Огромные изменения в наших представлениях о коммуникативных и тесно связанных с ними когнитивных способностях животных произвели эксперименты, связанные с использованием языков-посредников, т.е. искусственных языков, изобретенных (или адаптированных) людьми для общения с животными. Это направление открыли Алан и Беатрис Гарднеры, которые в конце 1960-х годов опубликовали первые результаты своего диалога с первой обезьяной, обученной жестовому языку глухонемых. Их последователи использовали также иные варианты общения с обезьянами: наборы пластиковых символов, организацию диалога при помощи клавиатуры компьютера. Результаты были ошеломляющими: шимпанзе (а в последующих опытах орангутаны и гориллы) оказались способными формировать новые понятия, комбинируя освоенные ими слова, сообщать о прошлых и будущих событиях, строить синтаксически правильные простые предложения и даже обманывать, шутить и ругаться. Использование символов-изображений оказалось полезным и в общении исследователей с дельфинами. А в основу диалога с попугаем был положен английский язык. И. Пепперберг обучила африканского серого попугая жако использовать английские слова для того, чтобы просить те вещи, с которыми он хочет поиграть, отвечать на вопросы о цвете и форме предметов, говорить о том, различаются ли два предмета, а если это так, то различны ли они по цвету и по форме. Так «разговорить» попугая удалось при помощи остроумного методического приема: помимо двух «собеседников» — самого попугая и экспериментатора — в диалоге принимал участие ассистент, который играл роль второго попугая. В тех случаях, когда настоящий попугай ошибался, его «дублер» отвечал на вопросы правильно и получал в свое распоряжение предметы, которыми тот хотел завладеть.
Нужно отметить, что полученные результаты, хотя и очень значительные, касаются искусственных языков, специально изобретенных или модифицированных исследователями для общения с животными. Они не дают представления о степени сложности коммуникации этих видов в природе.
Автором совместно с Б.Я. Рябко был предложен принципиально новый подход к изучению сложных форм коммуникации социальных животных: не пытаться расшифровать их сигналы и не использовать язык-посредник, а «просить» их передавать информацию, заранее заданную в эксперименте. При этом подходе задается не только «качество» этой информации, но и ее количество, измеряемое в битах. Применение идей теории информации позволило выявить у нескольких видов муравьев систему коммуникации, не уступающую по сложности языку танцев пчел.

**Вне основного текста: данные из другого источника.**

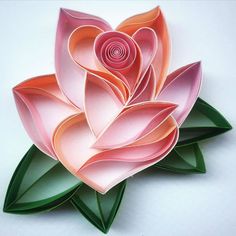 a paper flower made to look like an origami rose with leaves on it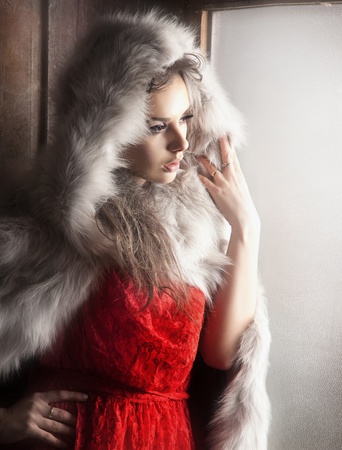 Sexy woman as a red hood looking out windowの写真素材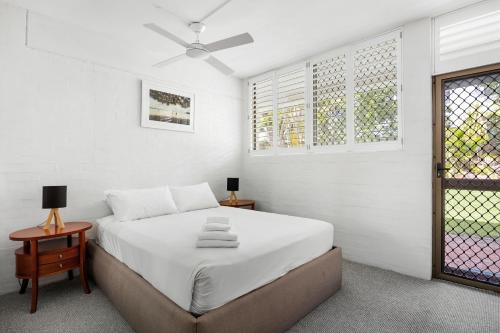 a white bedroom with a bed and a window at Bayona Apartment 2, Little Cove in Noosa Heads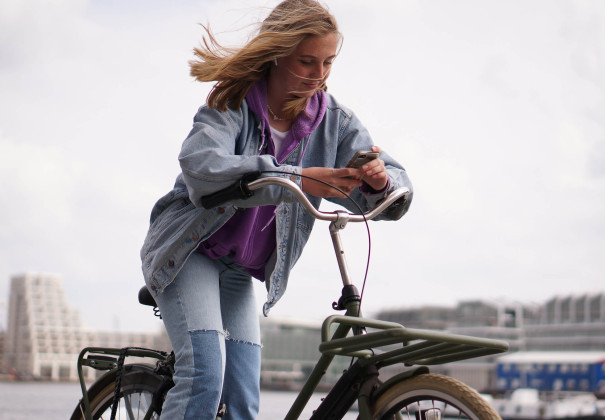 Een tienermeisje op een fiets die op haar telefoon kijkt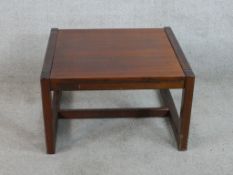 A 20th century mahogany low square topped coffee table raised on square supports. H.37 W.61 D.61cm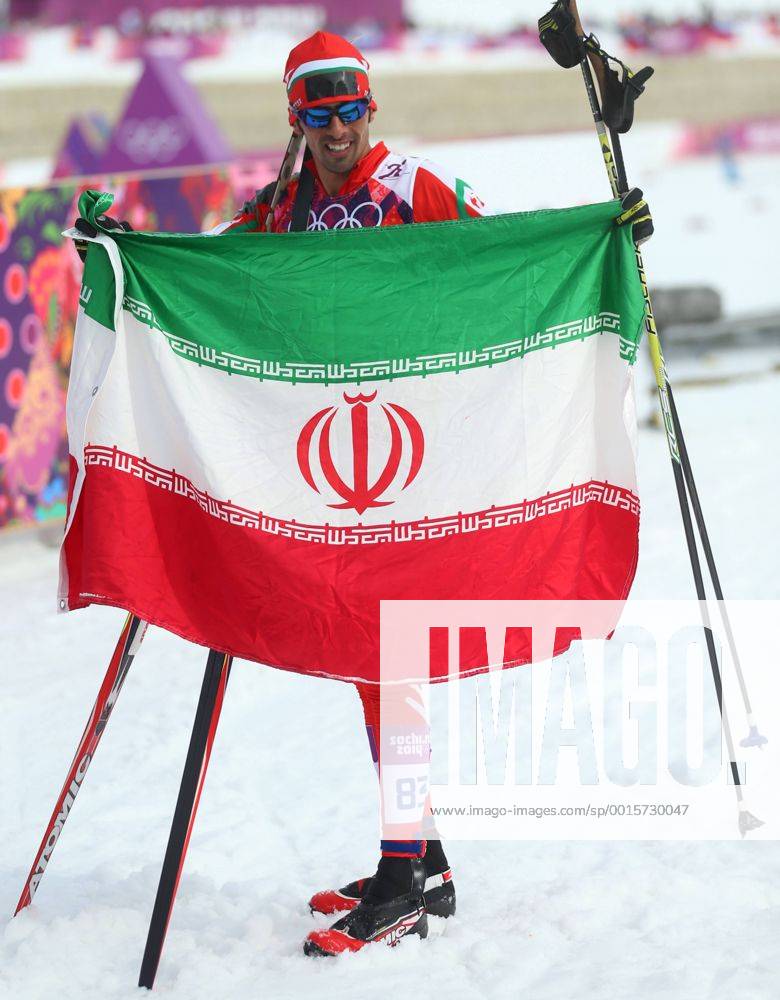 ITAR-TASS: SOCHI, RUSSIA. FEBRUARY 14, 2014. Skier Seyed Sattar Seyd of Iran holds his national flag after the men s cross-country 15 km classic event at the Laura Ski Centre at the 22nd Winter Olympic Games. premiumd kurios Aufmacher RE139461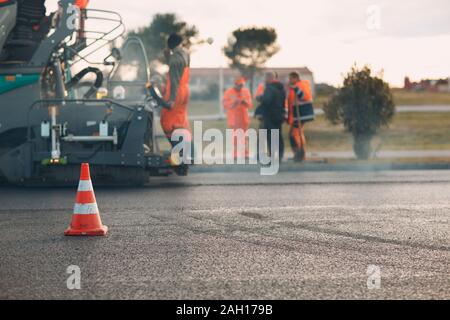 Asfaltatura. Lastricatore macchina e cono stradale e dei lavoratori. La costruzione di nuove strade. Foto Stock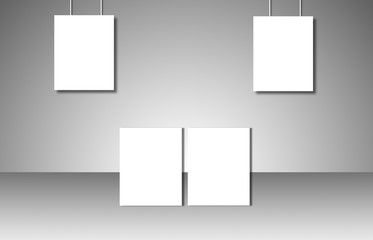 Empty white posters on gray background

При передаче сообщений муравьи способны проявлять чудеса интеллекта, сравнимые с достижениями высших позвоночных животных: они улавливают закономерности и используют их для сжатия (кодирования) информации, оценивают число объектов и даже могут прибавлять и отнимать небольшие числа.
Итак, хотя не раскрыты еще тайны мозга и механизмы поведения, но из представлений исследователей явно исчезает пропасть, обозначенная в древности Платоном и Аристотелем и еще несколько десятилетий назад надежно отделявшая интеллект человека от «неразумного» поведения других биологических видов.